Bad Impression: Bills embarrassed in Toronto

Chad Pennington was hot. J.P. Losman was not. And the Bills lost again. Buffalo fell to Miami, 16-3, in front of lackluster 'home' crowd...

So much for that idea.

The Buffalo Bills did little to impress its target fan base in Toronto in a brutal, 16-3 loss to the Miami Dolphins Sunday. Buffalo's offense was held to 163 total yards and Chad Pennington completed his final 11 passes, as the Dolphins (8-5) moved into a three way tie atop the AFC East.

Meanwhile, the Bills' free-fall continued. The once 4-0 and 5-1 Bills are now 6-7, searching for answers all over. In the cozy confines of Toronto's Rogers Centre (where there were more cheers for Miami than Buffalo), the Dolphins dominated in every aspect of the game and now Buffalo is all but officially eliminated from postseason contention.

As he has all season, Pennington was near-flawless at the controls. Completing 23-of-29 passes for 181 yards and a touchdown to tight end Anthony Fasano, Miami's quarterback calmly picked Buffalo's embattled defense apart. Pennington is now only the third Dolphins player ever to eclipse 3,000 yards passing (the other two were Dan Marino and Jay Fiedler).

Consistency on one side. Dysfunction on the other.

The J.P. Losman-led Bills offense only mustered three points – a 40-yard boot from Rian Lindell in the first quarter. Buffalo has gone nearly nine quarters without an offensive touchdown. Trent Edwards missed Sunday's game with a groin injury suffered last week against San Francisco. In his place, Losman was Losman: wildly erratic. The contrast between the two quarterbacks decided the game.

Whereas Pennington's steady hand guided Miami to four scoring drives that helped eat up more than 37 minutes on the clock, Losman never found a rhythm. The Bills converted a measly 1-of-10 third downs, thus only controlling the ball for 22 minutes. Losman fumbled three times (losing one) and threw an interception, as the Pennington-led Fins committed zero turnovers.

Those same old Losman tendencies sprouted yet again. The happy feet. The heap-and-hopes. The carelessness. The overall state of constant panic. It was his career and this team in a nutshell.

If the Bills' performance was meek. Fan support was meeker. A game designed to majestically tap into a colossal Toronto market, looked more like reaching for straws. Dolphins jerseys dotted the stadium everywhere, Argonaut and Blue Jay banners hung from the rafters and that negative-wind chill that has given Miami fits for so many years was replaced by a closed roof and 68-degree climate-controlled conditions. Eww.

Also pacing Miami's offense was the rushing tandem of Ronnie Brown and Ricky Williams. The ‘Wildcat' duo combined for 110 yards. Marshawn Lynch, fresh off 332 yards in his last three games, was stuffed all day. Lynch only garnered 31 yards on 13 carries.

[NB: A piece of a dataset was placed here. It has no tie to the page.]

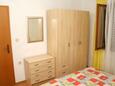 Postira, Ložnice 1 v ubytování typu apartment, domácí mazlíčci povoleni a WiFi.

But the story was a pathetic atmosphere. Sunday was the regular-season kickoff of the Bills' eight-game Toronto Series. Outside the wind gusted off Lake Ontario to create a zero-degree wind chill --- the type of weather the Bills' home fan base dreams of. The type of weather fans have consistently trucked through to Ralph Wilson Stadium to wildly support their team despite eight straight non-playoff season.

But on Sunday that didn't matter. Inside the up-scale Rogers Centre --- despite the gross ineptitude of a floundering team --- the Bills made nearly $10 million. Fans back home were slighted. Fans in Toronto were delighted to a boring, touchdown-less effort from the Bills.

But money was made. In the end that's all the Bills have to clutch to after another dismal performance.